Records excerpted from a collection:
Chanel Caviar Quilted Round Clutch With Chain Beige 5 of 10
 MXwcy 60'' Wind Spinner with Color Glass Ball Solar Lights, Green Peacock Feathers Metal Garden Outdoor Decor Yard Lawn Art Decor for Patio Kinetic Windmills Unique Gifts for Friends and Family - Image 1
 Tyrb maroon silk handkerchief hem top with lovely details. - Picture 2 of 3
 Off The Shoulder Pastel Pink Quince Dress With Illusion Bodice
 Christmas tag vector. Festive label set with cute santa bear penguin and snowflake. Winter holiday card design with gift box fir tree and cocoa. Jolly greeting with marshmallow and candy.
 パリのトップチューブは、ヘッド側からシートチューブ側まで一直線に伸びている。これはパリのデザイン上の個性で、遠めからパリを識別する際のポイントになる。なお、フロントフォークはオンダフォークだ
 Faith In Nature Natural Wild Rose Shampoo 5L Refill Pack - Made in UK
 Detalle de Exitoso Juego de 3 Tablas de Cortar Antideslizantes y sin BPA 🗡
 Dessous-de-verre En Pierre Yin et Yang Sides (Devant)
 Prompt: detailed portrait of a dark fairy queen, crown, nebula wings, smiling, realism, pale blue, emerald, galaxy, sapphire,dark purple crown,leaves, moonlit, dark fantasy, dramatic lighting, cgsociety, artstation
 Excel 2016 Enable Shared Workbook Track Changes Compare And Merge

[PROBLEM TO SOLVE]: All that belongs in the answer is an exact copy of the lines from the start of the records above through the line with "Off The Shoulder".

[SOLVED EXERCISE]:
Chanel Caviar Quilted Round Clutch With Chain Beige 5 of 10
 MXwcy 60'' Wind Spinner with Color Glass Ball Solar Lights, Green Peacock Feathers Metal Garden Outdoor Decor Yard Lawn Art Decor for Patio Kinetic Windmills Unique Gifts for Friends and Family - Image 1
 Tyrb maroon silk handkerchief hem top with lovely details. - Picture 2 of 3
 Off The Shoulder Pastel Pink Quince Dress With Illusion Bodice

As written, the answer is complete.